Most will be able to read my PDF format C.V.
Like many others, I started out as a child. Unlike most others, I was born in Palo Alto, California to a pair of students at Stanford University. Mom was getting her MFA in Painting and Dad was working on his Ph.D. in Political Science. Later I would choose to believe that this gave me an inheritance of traits that made me a perfect candidate for working in show business, the artistic from mom and the political from dad. Like everyone else here, I want to direct.
Unfortunately, neither of them owned a major motion picture studio, although we did make a movie when I was very young, on location, in Yucca Valley. I was a spear carrier, but I was spear carrier number one.
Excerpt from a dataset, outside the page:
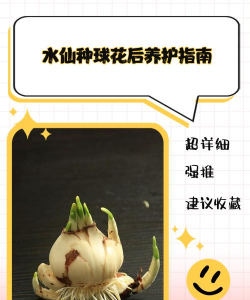 如何让水仙花球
One day, my father came home from a trip to a conference in St. Louis, MO and announced, the legend has it, that we all needed to pack. It seemed that some people were having his name painted on a door in gold leaf, and so we were all moving from the Palo Alto area that seemed to be a heaven on earth to an unknown spot in a faraway and likely very dismal land called Missouri. This seemed a bad move, and so without realizing it, I began my career as a community organizer. I convinced my siblings to vote against this highly suspect upper management decision, and arranged a confrontation. We took a vote, and it was decided that we would stay in California, near to Moss Beach, the Golden Gate Bridge and the San Francisco Zoo.
Shortly after that, we moved to St. Louis, Missouri. Earlier my dad had described the system society at large used as a democratic government, and explained what that meant. I made the mistake of presuming that my family also ran that way. Finding that it was not a democracy but perhaps an oligarchy was hard for me to take. Unable to let go of this bitter comeuppance at the hands of a single minded dictatorship, I took to writing back to friends in the West about how I lived near the River Despair, in St. Louis, Misery. We did actually live next to a small stream named for the famous French explorer Des Peres. Then, as now, any humor I may come up with starts out with a real world reference, twisted to my own purposes. My first job was working for my dad at Washington University doing data entry on a Wang Terminal of data about voting patterns. Not exciting or fulfilling, but it paid american currency.
One summer soon after that, I got a job on a dairy farm up the road from the family summer camp in northern New York state. I drove a tractor, cleaned the barn, herded the cows, spread the "fertilizer" I had cleaned out of the barn on the fields with a machine attached to a tractor and turned the hay to dry with a different machine attached to a tractor. The pay was not great, but I had a great thirteenth Summer.
That year I took another job in the Fall, assisting in an art class for kids. Once I saved enough money, I bought a camera, a Mamiya/Sekor SLR. This gave me a new and more productive way to annoy my friends at school. I have started scanning all the old negatives that have survived with me through several different cameras, some are from forty years ago, and many have just barely survived.
Some will start showing up on my Flickr account at some point.